- **Problem requirements**:
Copy each entry verbatim, excluding its images.

- **Data records**:
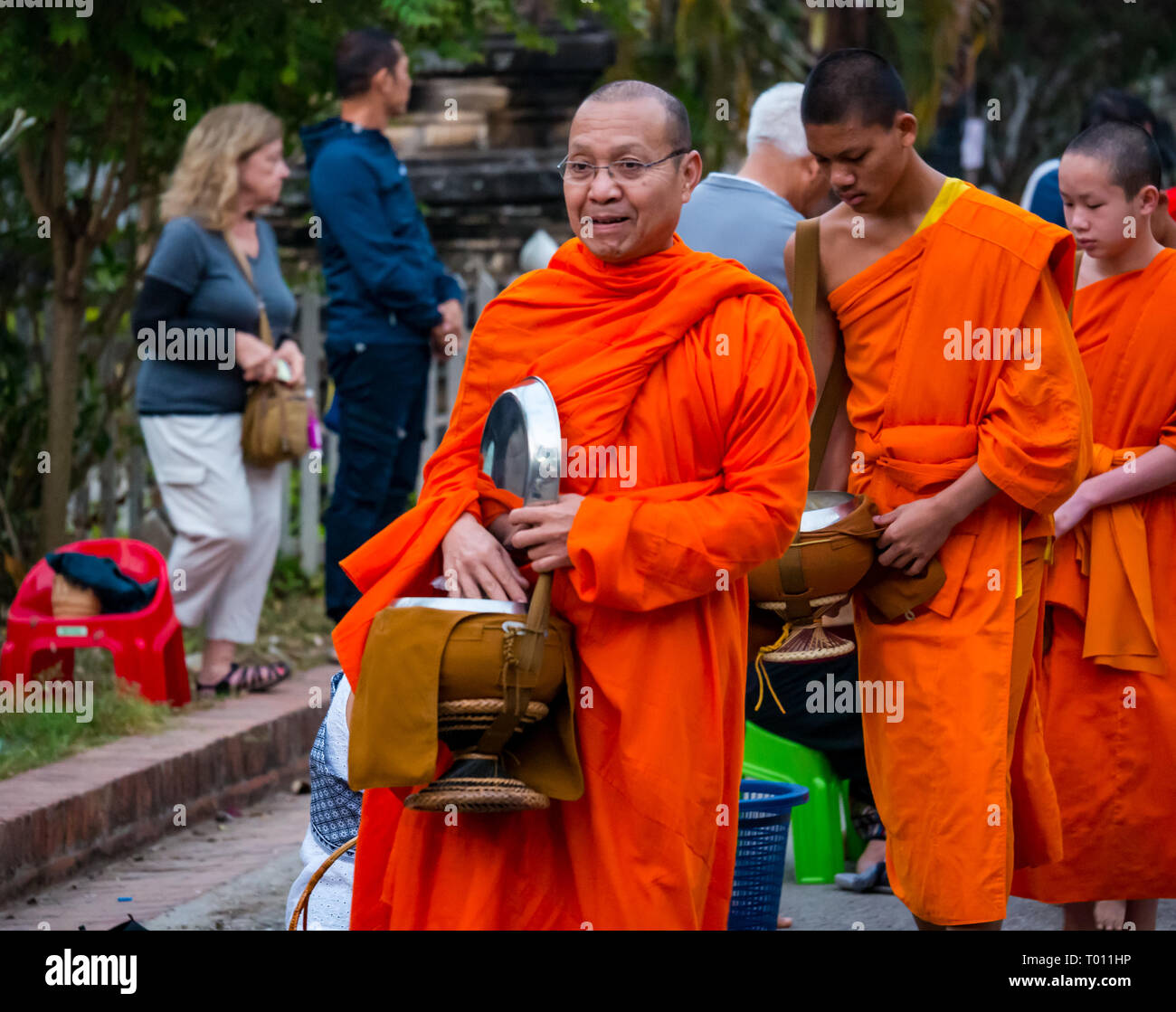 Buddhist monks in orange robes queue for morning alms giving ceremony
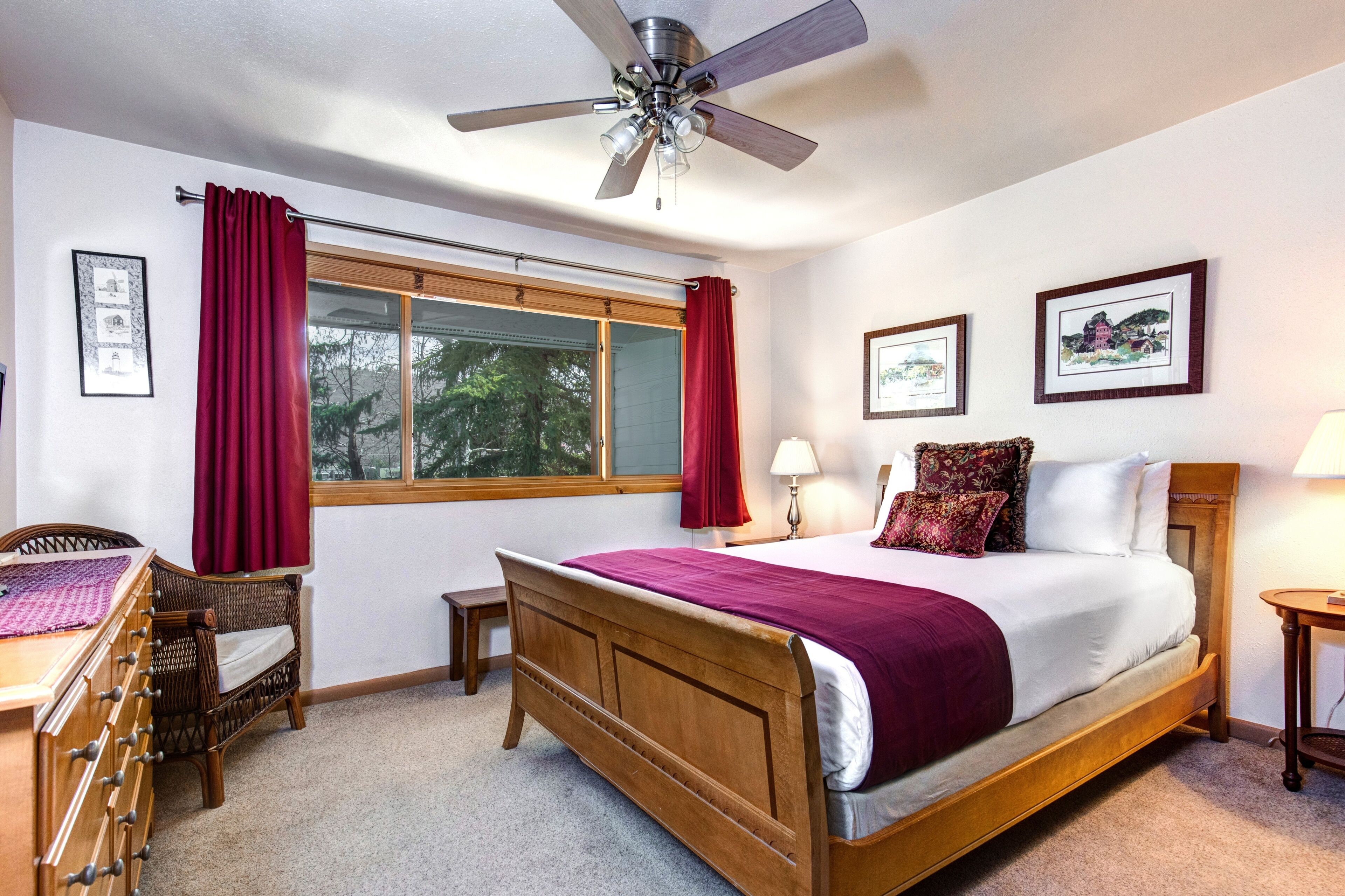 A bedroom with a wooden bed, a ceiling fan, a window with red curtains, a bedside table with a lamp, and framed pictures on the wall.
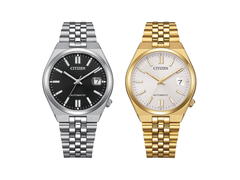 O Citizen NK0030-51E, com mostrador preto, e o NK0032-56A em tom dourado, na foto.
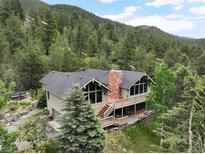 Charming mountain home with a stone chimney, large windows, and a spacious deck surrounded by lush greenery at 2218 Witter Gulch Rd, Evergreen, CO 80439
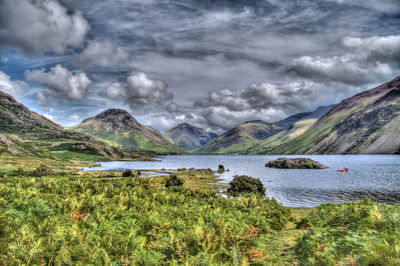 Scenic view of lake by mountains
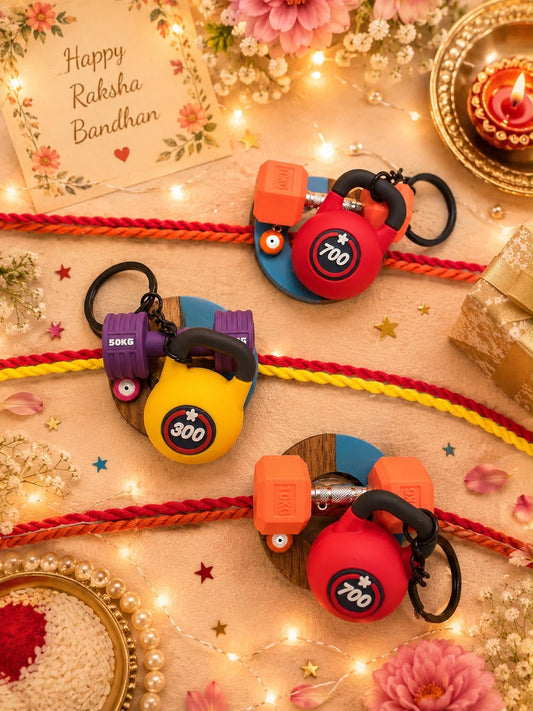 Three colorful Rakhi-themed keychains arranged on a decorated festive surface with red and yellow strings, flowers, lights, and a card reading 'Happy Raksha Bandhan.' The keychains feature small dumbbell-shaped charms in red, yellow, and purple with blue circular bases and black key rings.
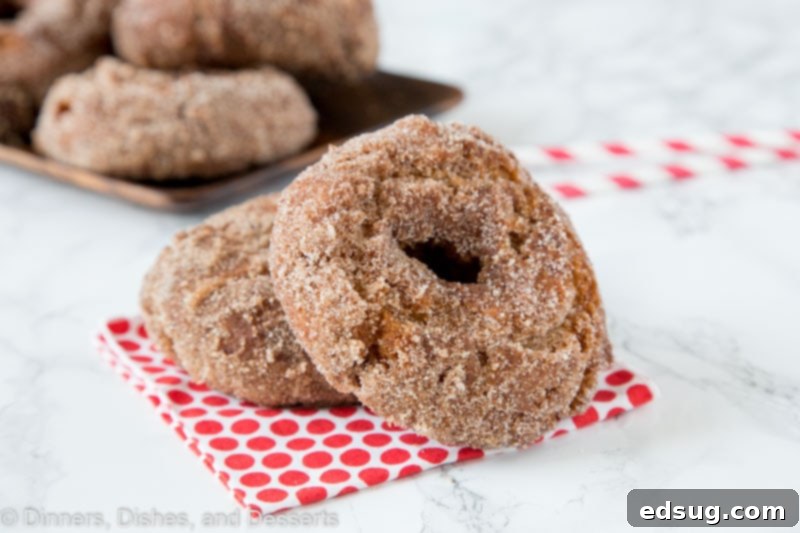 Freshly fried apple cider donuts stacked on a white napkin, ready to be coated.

- **Exercise result**:
 Buddhist monks in orange robes queue for morning alms giving ceremony
 A bedroom with a wooden bed, a ceiling fan, a window with red curtains, a bedside table with a lamp, and framed pictures on the wall.
 O Citizen NK0030-51E, com mostrador preto, e o NK0032-56A em tom dourado, na foto.
 Charming mountain home with a stone chimney, large windows, and a spacious deck surrounded by lush greenery at 2218 Witter Gulch Rd, Evergreen, CO 80439
 Scenic view of lake by mountains
 Three colorful Rakhi-themed keychains arranged on a decorated festive surface with red and yellow strings, flowers, lights, and a card reading 'Happy Raksha Bandhan.' The keychains feature small dumbbell-shaped charms in red, yellow, and purple with blue circular bases and black key rings.
 Freshly fried apple cider donuts stacked on a white napkin, ready to be coated.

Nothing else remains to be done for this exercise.